16 BC kids likely had MIS-C, 601 children infected with Covid-19 since September 1

    Vancouver – 16 kids in BC are being investigated as potential cases of Multisystem Inflammatory Syndrome in Children – MIS-C.

    Earlier BC PHO Dr. Bonnie Henry had said 8 cases of suspected MIS-C had been noted in children with a mean age of 4.

    The latest MIS-C count was released by Ministry of Health spokesman Stephen May after a query by Vancouverite.

    “There are now 16 persons under investigation for MIS-C (this is what we used to call suspected MIS-C),” May said in an emailed response.

    Alberta Health Services spokesman Tom McMillan said his province has 6 cases linked to MIS-C.

    The syndrome which causes multiple organ inflammation was first identified and named as a disease associated with Covid-19 exposure or infection on May 12.

    Several BC children have spent time in ICU – mostly at BC Children’s Hospital.

    Parents who suspect their children had MIS-C told harrowing stories of illness that was hard to diagnose because of similarity to other disease – in particular Kawasaki’s Disease.

    Kawasaki is the leading cause of acquired heart disease in children in Canada but it’s not known if this is the case with MIS-C as well.

    “The Canadian Pediatric Society issued a Public Health Alert on May 12, 2020 to notify health practitioners of an acute inflammatory syndrome temporally linked to COVID-19 that has been reported in children and teenagers,” says guidance provided by CDC of BC.

    “Children with this condition present with symptoms of systemic inflammation, and can have clinical similarities to Kawasaki Disease, toxic shock syndrome and macrophage activation syndrome.

    “Prominent features include fever, abdominal pain, cardiac involvement and rash, among others.

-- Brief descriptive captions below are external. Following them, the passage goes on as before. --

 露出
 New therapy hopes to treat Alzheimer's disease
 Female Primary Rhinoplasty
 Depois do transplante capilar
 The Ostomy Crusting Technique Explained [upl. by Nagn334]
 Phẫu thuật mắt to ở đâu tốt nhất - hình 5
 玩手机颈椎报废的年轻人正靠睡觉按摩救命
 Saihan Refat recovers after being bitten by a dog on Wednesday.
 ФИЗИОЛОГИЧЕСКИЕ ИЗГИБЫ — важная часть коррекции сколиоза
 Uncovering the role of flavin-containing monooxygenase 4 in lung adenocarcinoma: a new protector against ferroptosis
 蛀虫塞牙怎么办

There may be a spectrum of disease severity and phenotypes in children affected by COVID-19-associated inflammation,” CDC states.

    “If you see a child with features that could be in keeping with MIS-C obtain a comprehensive history of exposure to a person with COVID-19.

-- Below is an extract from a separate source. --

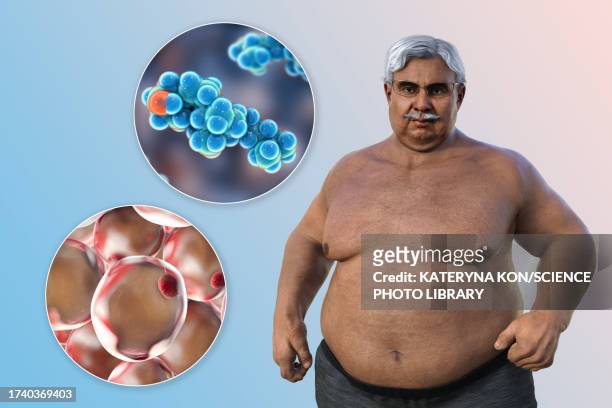 overweight man with adipocytes and cholesterol, illustration - fat stock illustrations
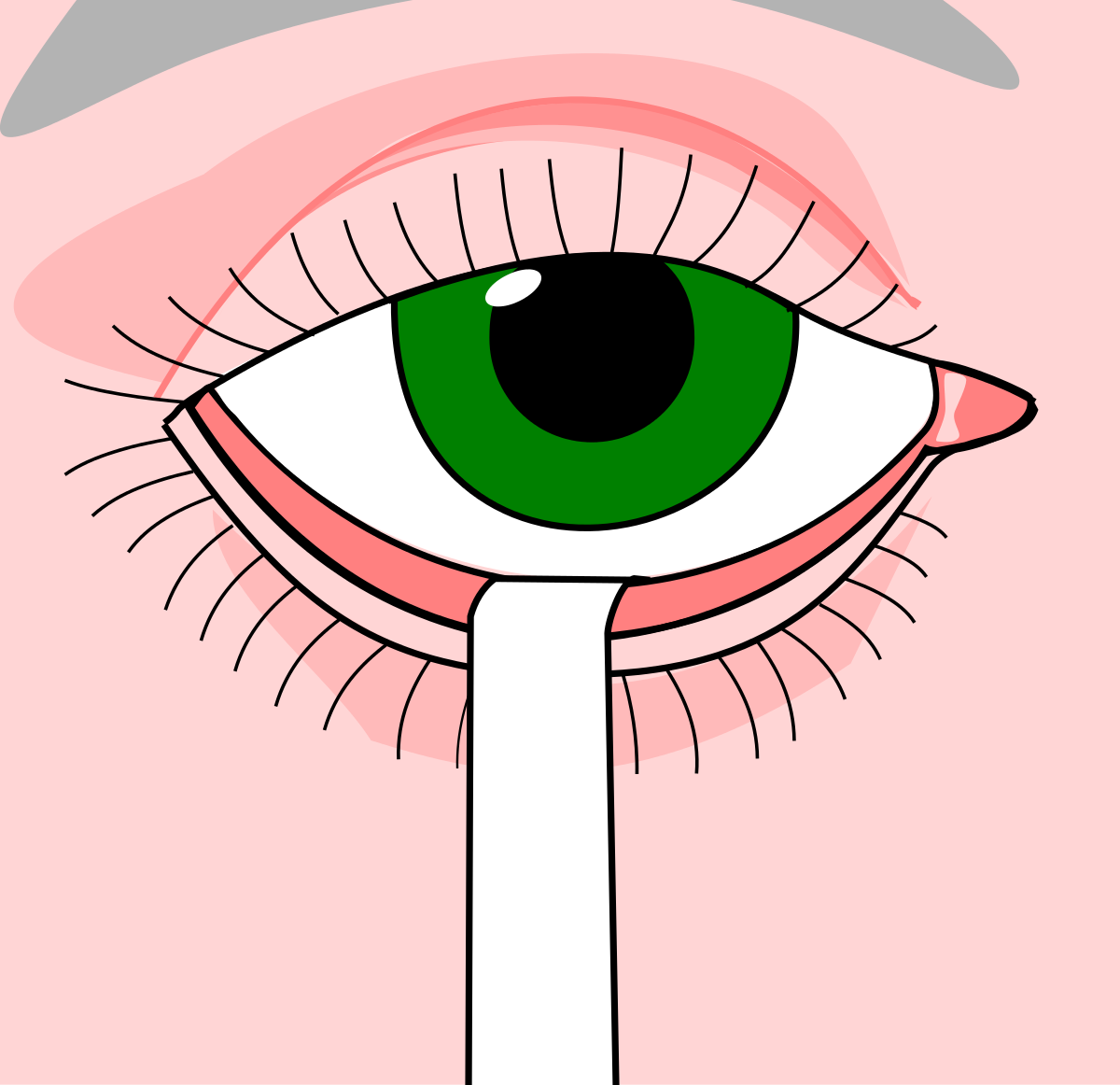 DIAGNOSTICS Both Eye Schirmer's test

    “Children with unexplained fever and inflammation (elevated WBC, CRP), and those in early phases of an acute illness should be followed closely for progression of their illness,” it says in guidance directed at clinicians.

    “Care may involve serial monitoring of clinical and laboratory parameters, cardiac imaging, therapies targeting inflammation, and close follow up post-discharge.”

    “Children admitted to a general pediatrics ward for MIS-C warrant close monitoring for clinical deterioration. Affected patients can become critically ill quickly and there have been deaths reported.

    “When evaluating patients for MIS-C, it is imperative that clinicians give due consideration to sepsis and other life-threatening infections whose clinical presentations overlap with MIS-C. Evaluation for MIS-C should not delay empiric antibiotic coverage in patients whose clinical picture may be in keeping with a serious bacterial infection.”

    MIS-C generally occurs several weeks after a Covid-19 exposure and is considered an emergency.

    A teacher who made another round of Children’s Hospital recently told Vancouverite that she was again told her 15-year-old had all the symptoms of MIS-C.

    A definitive diagnosis has proved elusive.

    Since September Covid-19 infections have more than doubled those during the whole pandemic.

    20 children 0 to 10 tested positive during the long weekend. 46 children aged 10 to 19 tested positive.

    Total children tested positive Friday to Monday – 66. Total children tested positive so far in pandemic 1,039.

    Up to Sept. 1 only 438 were positive for Covid-19 during a six month period starting in March.

    Since Sept.1 601 have been infected.